Quantitativement, pour les régions, en page 150 :

"Les coûts imputables à la progression des effectifs liés aux transferts de compétence sont évalués à près de 1,5 Md€ en 2012 et ceux dus à la progression des effectifs hors transferts de compétences à 0,9 Md€, soit près d’un tiers du montant total des dépenses de personnel des régions la même année."

Néanmoins, en page 69, la cour estime qu'une stabilisation des dépenses salariales induirait 1,5 MdE d'économies !

En page 268, selon le Président de l'Association des Régions de France (ARF) :

"À titre d'exemple, la revalorisation des catégories C représente 0,9 % à 1,1 % de hausse mécanique de la masse salariale de nos Régions, soit un tiers de l'évolution annuelle que vous constatez."

Quantitativement, pour les villes entre 2012 et 2013, page 292, selon le Président de l'Assemblée des communautés de France (AdCF) :

"En ce qui concerne le rythme des dépenses de fonctionnement du secteur local (Nota Bene : résultats établis à partir de notre Observatoire basé sur les comptes administratifs 2013 principaux de 134 Villes de France), nous constatons également au niveau de notre réseau de villes un dérapage des charges de personnel (+ 2,3 %), qui résulte pour l’essentiel des mesures catégorielles décidées par l’État.

Les mesures de revalorisation indiciaire des personnels de catégorie C (80 % de notre masse salariale), les augmentations des taux de cotisation à la Caisse nationale de retraites des agents des collectivités locales (CNRACL), ou encore le glissement vieillissement technicité (GVT), sont en effet à l’origine de la plus grande part de progression de notre masse salariale entre 2012 et 2013, et cela plus que ne le laisse supposer votre rapport.
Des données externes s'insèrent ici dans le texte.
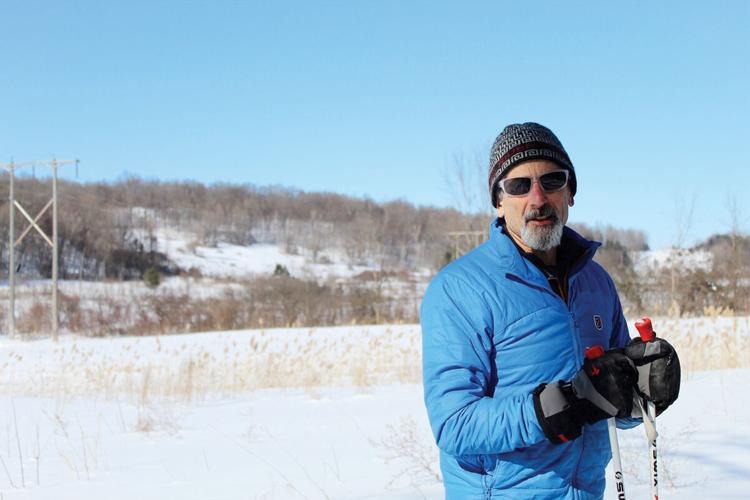 A man in a blue jacket and beanie holds ski poles, standing in a snowy landscape with trees and power lines in the background.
Dans une logique de réduction de la dépense publique locale, Villes de France estime qu’il serait légitime de remettre en cause certains aspects du statut de la fonction publique territoriale, variable à la fois la plus importante et la plus rigide de la dépense locale."

Quantitativement, pour le Président du Conseil régional d'Aquitaine, page 307 :

"Pour votre information, le GVT cumulé entre 2007 et 2012 a été pour la seule région Aquitaine de 14,5%."

Un argument pertinent consiste à expliquer que le transferts de personnels par l'Etat n'ont pas forcément concerné le personnel dédié à la gestion de ces derniers : intégration des agents TOS et infrastructure RH.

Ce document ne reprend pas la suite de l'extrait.